El oficio de lavandera, del mismo modo que el de fregadora de suelos, era muy duro. No disponían de guantes de goma, y las manos desnudas dentro del agua del río quedaban congeladas. Los dedos, en permanente contacto, día tras día, con el agua gélida, se llenaban de grietas y de sabañones que, finalmente, se ulceraban. El dolor tenía que ser insoportable. Pero era necesario reforzar la precaria economía familiar. Y, en muchos casos, significaba el único sustento. Eran tiempos (muy) difíciles...
Recuerdo que la primera lavadora que hubo en la casa de mis abuelos era marca BRU, cilíndrica, en posición vertical, de carga superior. Incorporaba un motor eléctrico oculto en la parte inferior, que hacía girar un disco de goma con nervaduras de gran relieve para remover la ropa, situado en el fondo del cilindro. Se llenaba de agua, manualmente, con un cubo, y se añadían escamas ‘Saquito’ o algún detergente. Una vez finalizado el ‘ciclo’ estimado de lavado, se desconectaba la máquina -operación que también era realizada manualmente-, y se vaciaba sacando el tapón del desagüe situado en la parte inferior.

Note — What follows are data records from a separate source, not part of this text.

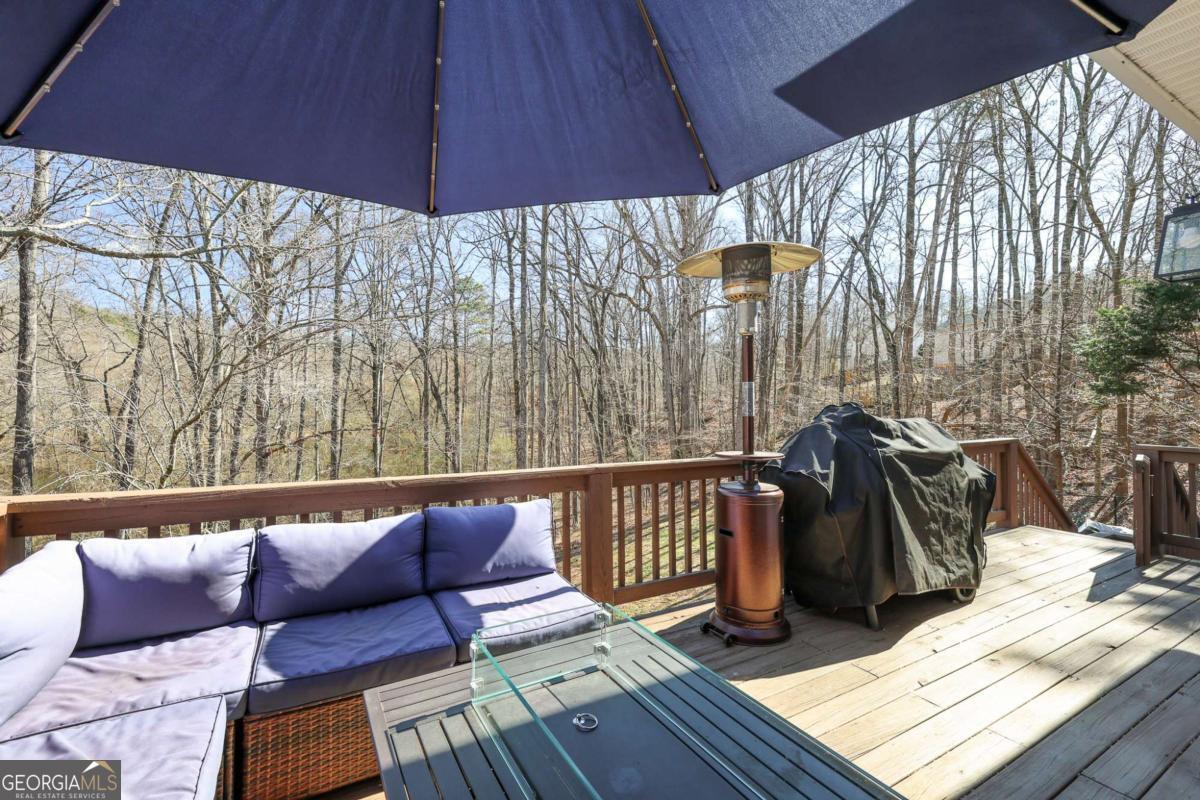 4618 Babbling Creek WAY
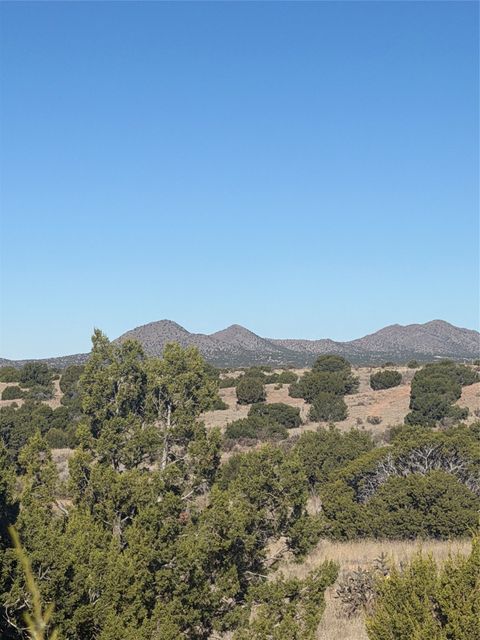 Tiny photo for 0 Crazy Rabbit, Santa Fe, NM 87508 (MLS # 202601105)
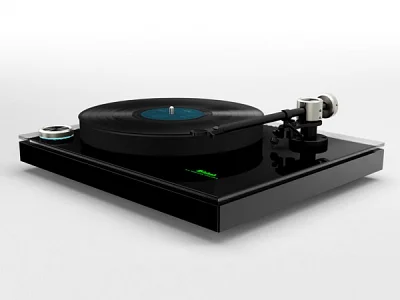 Mcintosh MCINTOSH MT2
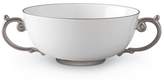 Thumbnail for your product : L'OBJET Aegean Soup Bowl with Handles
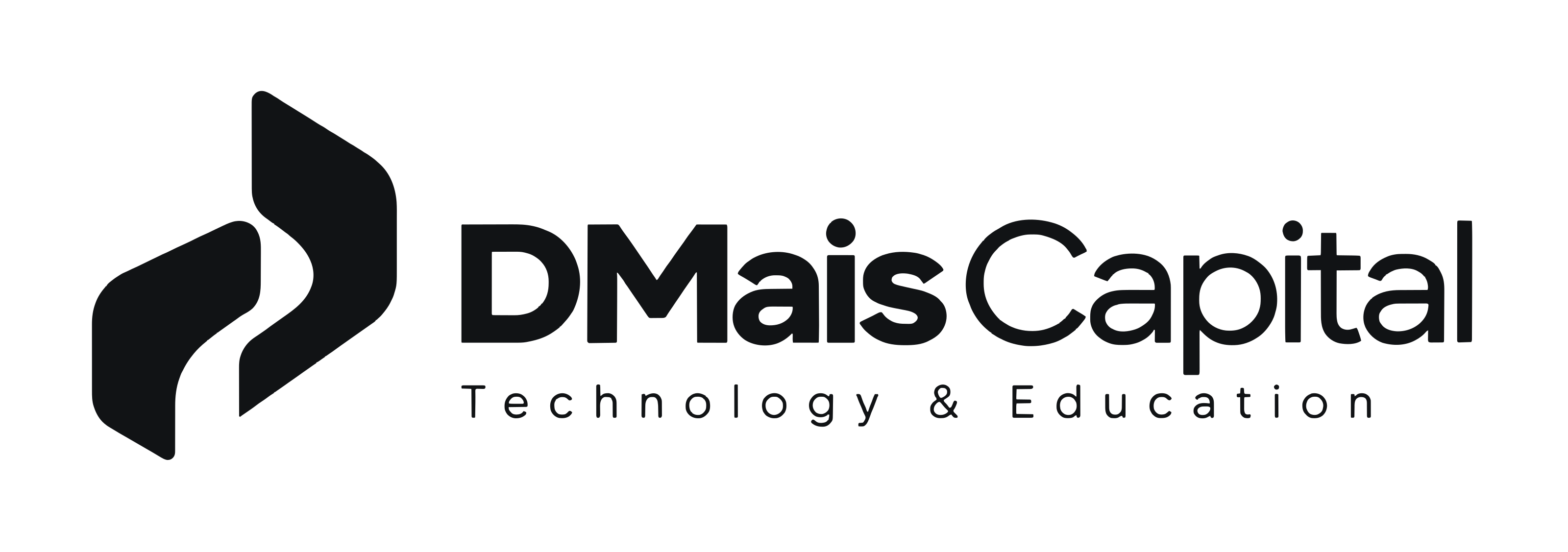 DMais Capital — Technology & Education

A principios de la década de los ’60, la lavadora ya es automática: incorpora temporizadores que controlan los tiempos de prelavado, lavado y centrifugado. A partir de ahí, la evolución de la lavadora no tiene límites: se van incorporando microprocesadores que contienen toda la información programada para controlar los distintos ciclos de lavado. Se añaden sensores que controlan la temperatura y el nivel de agua. La puerta de carga (ojo de buey) dispone de un mecanismo conectado a un microprocesador que impide el funcionamiento de la lavadora mientras la puerta no esté cerrada; y, una vez en marcha, ya no se puede abrir… Y así hasta el infinito.